The problem -> Your answer should hold the data exactly as given, minus any picture.
START Provided records
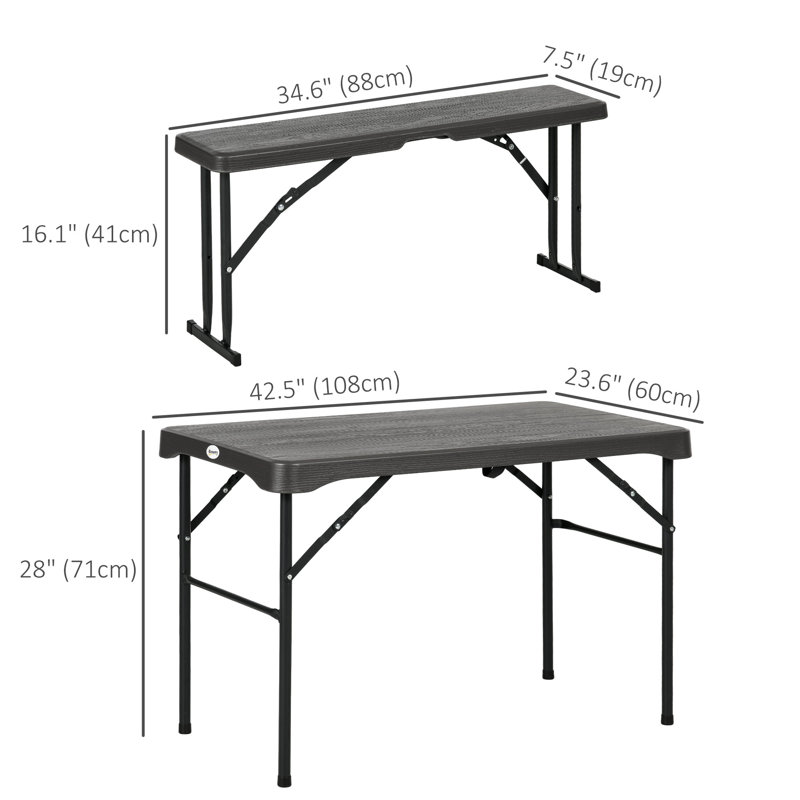 4 - Person Metal Patio Dining Set with Rectangular Table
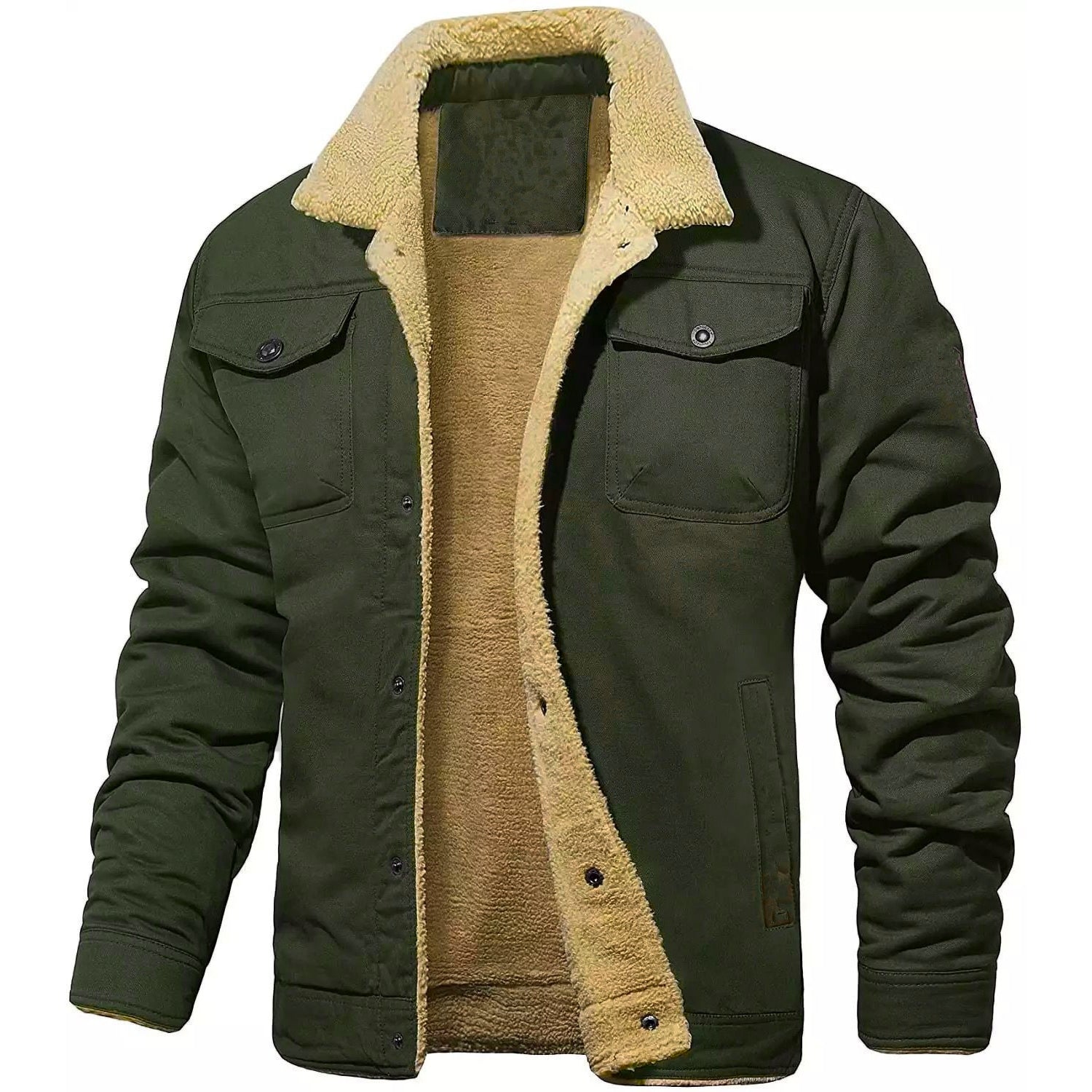 Men's Sherpa Lined Woven Cotton Jacket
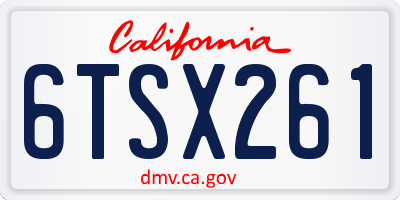 CA license plate 6TSX261
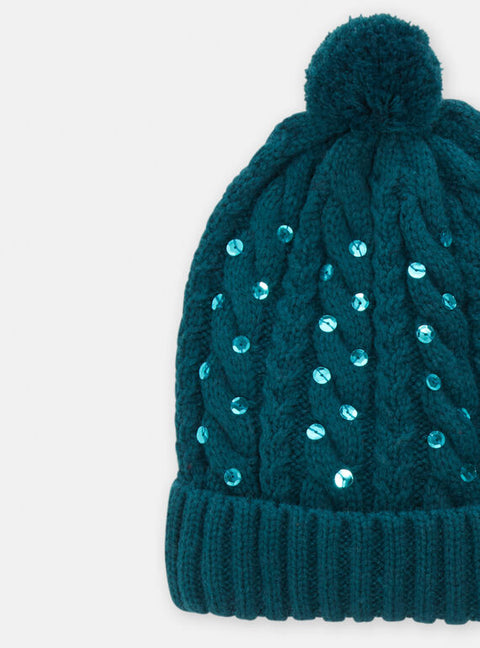 Sequinned Teal Green Fancy Knit Hat With Bobble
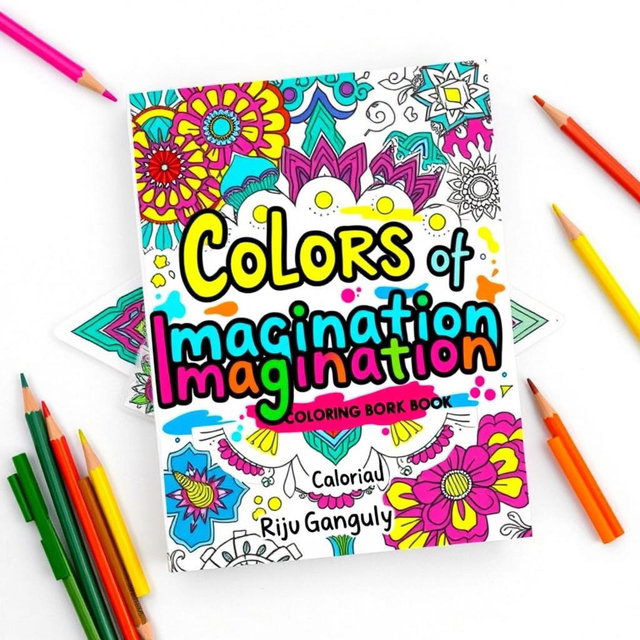 A vibrant and innovative book cover for a coloring book titled 'Colors of Imagination' by Riju Ganguly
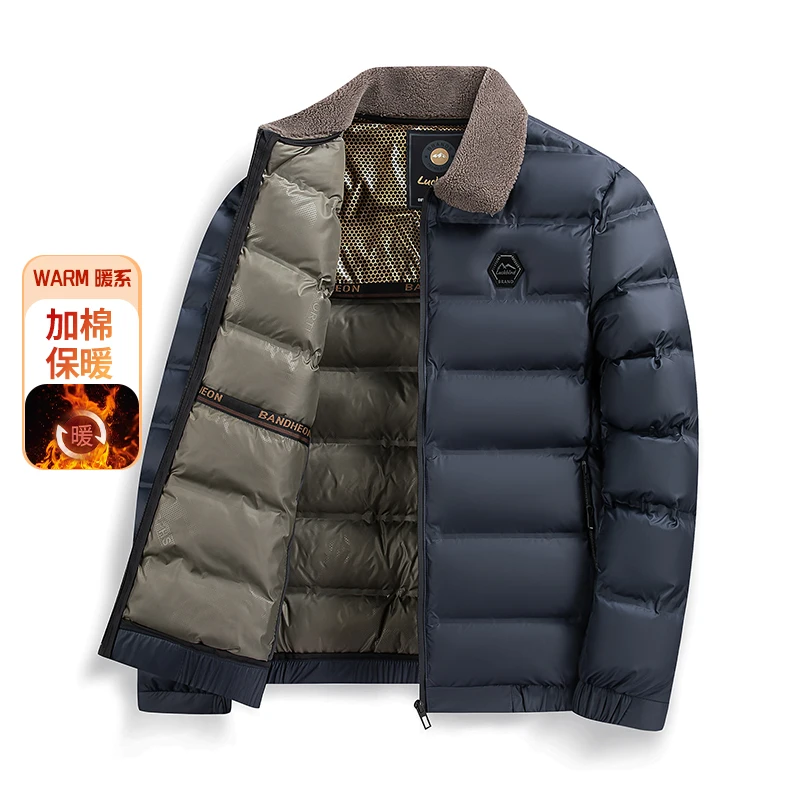 

2025 Winter New Middle aged and Elderly Dad's Clothing Warm and Thick Windproof Cotton Jacket Short Version Flip Collar Casual C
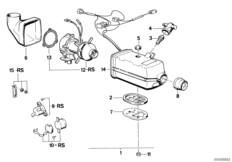 Детали блока автономной сист.отопления для BMW E28 M5 S38 (схема запасных частей)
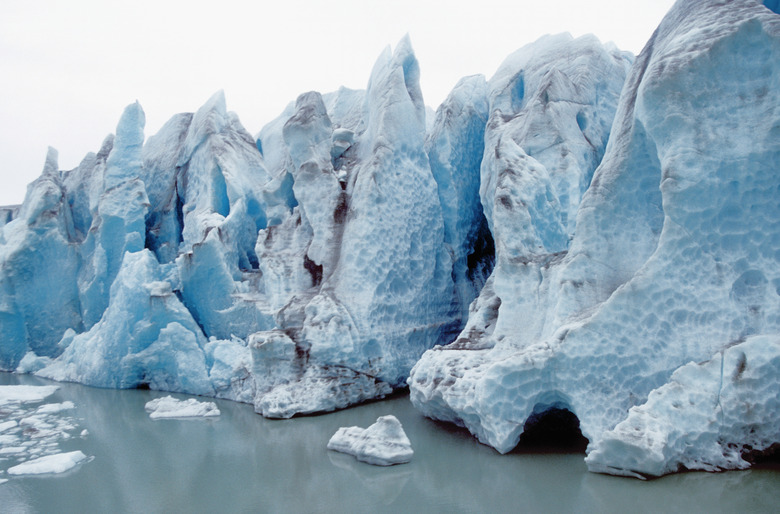 Ice melting on a jagged glacier, Skagway, Alaska, USA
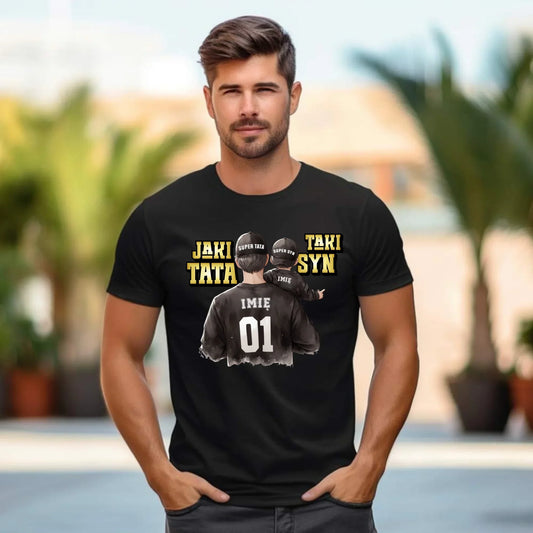 Jaki tata taki syn | Koszulka męska z imionami dla taty DT48 - StoryCups.pl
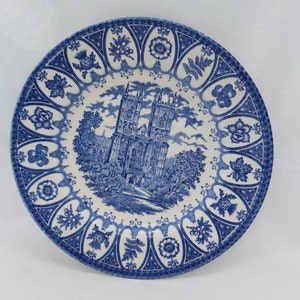 Vintage Broadhurst Westminster Abbey Plate, Queen Elizabeth Jubilee, Blue & White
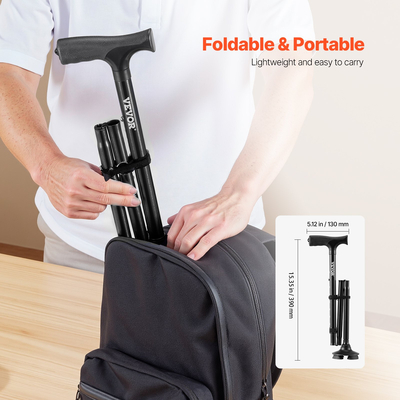 VEVOR Πτυσσόμενο μπαστούνι περπατήματος 8 επιπέδων ύψους 4 οδών Περιστρεφόμενη βάση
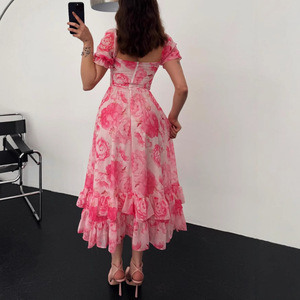 Robe de soirée pour femme en mousseline de soie à imprimé floral de style français, col carré, taille empire, plusieurs couches, respirante, printemps-automne - Product Image 2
END Provided records
Result of the exercise ->
 4 - Person Metal Patio Dining Set with Rectangular Table
 Men's Sherpa Lined Woven Cotton Jacket
 CA license plate 6TSX261
 Sequinned Teal Green Fancy Knit Hat With Bobble
 A vibrant and innovative book cover for a coloring book titled 'Colors of Imagination' by Riju Ganguly

2025 Winter New Middle aged and Elderly Dad's Clothing Warm and Thick Windproof Cotton Jacket Short Version Flip Collar Casual C
 Детали блока автономной сист.отопления для BMW E28 M5 S38 (схема запасных частей)
 Ice melting on a jagged glacier, Skagway, Alaska, USA
 Jaki tata taki syn | Koszulka męska z imionami dla taty DT48 - StoryCups.pl
 Vintage Broadhurst Westminster Abbey Plate, Queen Elizabeth Jubilee, Blue & White
 VEVOR Πτυσσόμενο μπαστούνι περπατήματος 8 επιπέδων ύψους 4 οδών Περιστρεφόμενη βάση
 Robe de soirée pour femme en mousseline de soie à imprimé floral de style français, col carré, taille empire, plusieurs couches, respirante, printemps-automne - Product Image 2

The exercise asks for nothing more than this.